About 1635, Van Dyck painted several other members of the Carey family, including Lady Anne’s mother and her aunt, set against a similar pastoral background. This rustic setting catered to the taste of the English aristocracy, which sought refuge from an unstable political situation in Arcadian fantasies. Under Cromwell’s rule, the fortunes of the Clanbrassils started to dwindle. After her husband’s death, in 1659, Anne stayed in Ireland. In 1668, she married Sir Robert Maxwell, of County Down. She died in 1689.

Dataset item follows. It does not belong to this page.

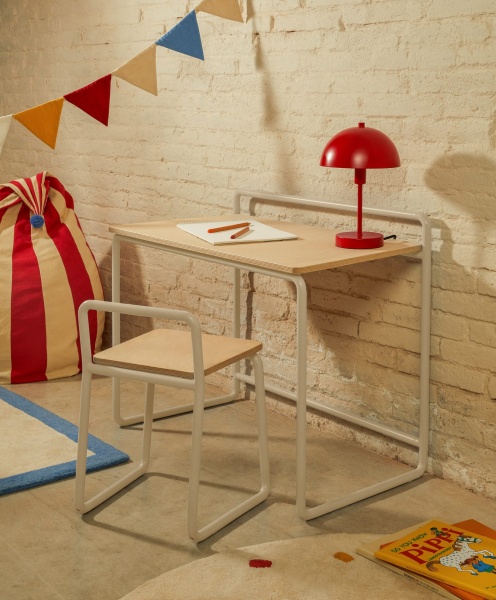 Tinn Письменный стол из ясеневого шпона с бежевой металлической конструкцией, 75 x 45,5 от интернет-магазина IDODOM.RU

Lady Anne Carey, Later Viscountess Claneboye and Countess of Clanbrassil
Anne Carey, later Countess of Clanbrassil, was the daughter of Henry Carey, second Earl of Monmouth, and Martha Cranfield. According to a family history, the Countess of Clanbrassil was a “very handsome and witty” woman who was “extraordinary in knowledge, virtue, and piety.” This portrait was likely painted on the occasion of her engagement to James Hamilton, heir of a Scottish family that had received large land grants in Northern Ireland. Lady Anne strides to the left in an Arcadian landscape, with the boulder behind her framing a woodland vista. Van Dyck reused this backdrop in other portraits, catering to the taste of English aristocrats who sought refuge from an increasingly unstable political situation in pastoral fantasies.
Said to have belonged to the Duke of Buckingham. Lord Torrington. His sale (anonymous), January 24, 1778, Christie’s, Lot 172, sold for £58 16s to the sixth Earl of Denbigh. Earls of Denbigh, Newnham Paddox, Warwickshire. Frick, 1917.